In fact, attempting to decipher the future from year numbers is a form of divination, an occult practice. Isaiah chided the Babylonians for doing that very thing – “Let now the astrologers, the stargazers, the monthly prognosticators stand up and save you from the things that will come upon you.” And in the Hebrew text, “monthly prognosticator” refers to those who divine knowledge from the months on the lunar calendar. And it is no coincidence that Isaiah lumped them together with “astrologers” and “stargazers.”

When writing to the Galatians, Paul expressed his displeasure that some members of the congregation were resorting to calendrical observations. “You observe days and months and seasons and years.” Almost daily do we not hear “prophetic” pronouncements about what “season” we are in or are about to enter? And beyond doubt, the issue at Galatia revolved around the Hebrew calendar.

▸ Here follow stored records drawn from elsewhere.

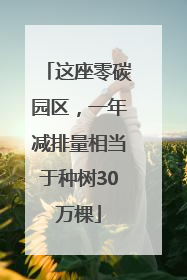 这座零碳园区，一年减排量相当于种树30万棵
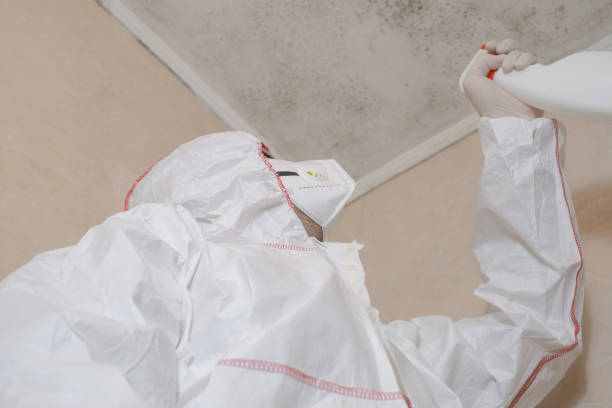 Best Mold Remediation Experts  in Waynesboro, TN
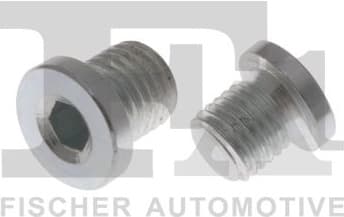 Screw Plug 257.829.001 - image 2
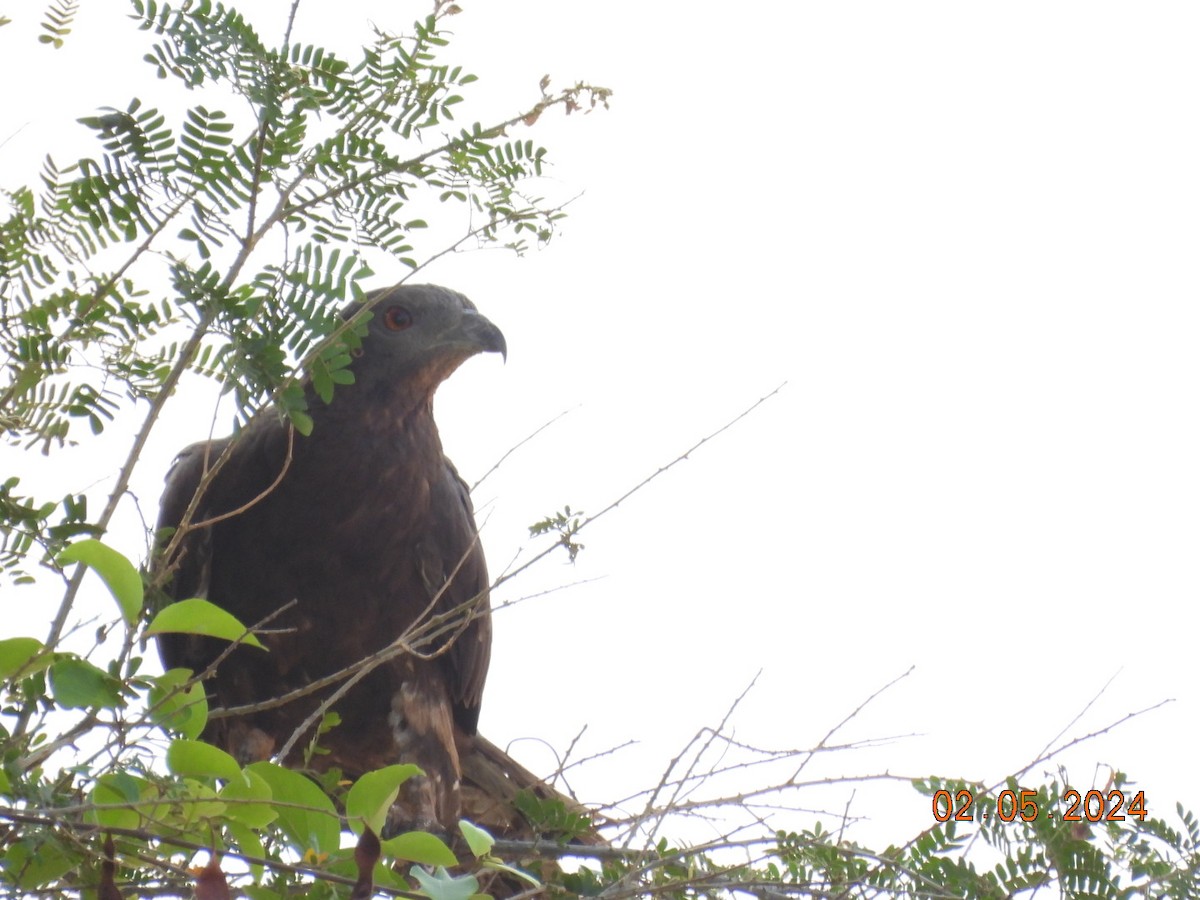 Oriental Honey-buzzard - ML618412028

Paul did not dispute that God had instituted the calendar with its Sabbaths and annual feast days. However, he called such things “rudimentary,” the “weak and beggarly rudiments.” And to resort to them is to return to bondage.

Rudimentary” translates the Greek noun stoicheion, which can refer to things that are basic and elementary, such as the letters that make up the alphabet. Peter used the same word when he predicted that on the Day of the Lord the “elements will be melted with fervent heat.”

But according to Paul, calendrical observations are now passé, things that were necessary when we were under the custodianship of the Law, but practices that were left behind with the arrival of Jesus. “When the fullness of time came, God sent forth his Son… that he might redeem them that were under the law.

And in him, the era of fulfillment began, therefore, it is now time to put away what has become obsolete. To return to “bondage” under the law, including its calendar regulations, is regression. It is not advancement, revelation, and certainly not a method for forecasting the future or peering into some “spiritual realm.”

Paul made similar points in Colossians. “Beware lest anyone make you into a spoil through his philosophy and vain deceit after the tradition of men, after the rudiments of the world, and not after Christ.” And what did he mean by the “rudiments of the world”? Just a few verses later he provides us with clear examples:
  • Let no man, therefore, judge you in meat or in drink or in respect of a feast day or a new moon or a sabbath day, things that are shadows of the coming things, but the body is of Christ.  Let no man rob you of your prize… If you died with Christ from the rudiments of the world, why as though living in the world do you subject yourselves to ordinances, handle not nor taste nor touch.”
Not only does Paul call dietary regulations and calendrical observations “rudimentary,” he classifies them as “shadows” of the substance that is now in Christ. So, why grasp at shadows when we belong to the one who casts them?

But even if we believe the Hebrew calendar is still in effect, once again, in Scripture, where do we find any word about using it to divine God’s will or even one example of a man of God doing so?

As for using year numbers from the Gregorian calendar to decipher the “times and seasons” as many “prophets” now do, that has absolutely no basis in Scripture whatsoever. It IS a form of divination, though admittedly, a very silly one. Nevertheless, if you fool around with demonic things that are forbidden in the Bible, sooner or later, you will get burned.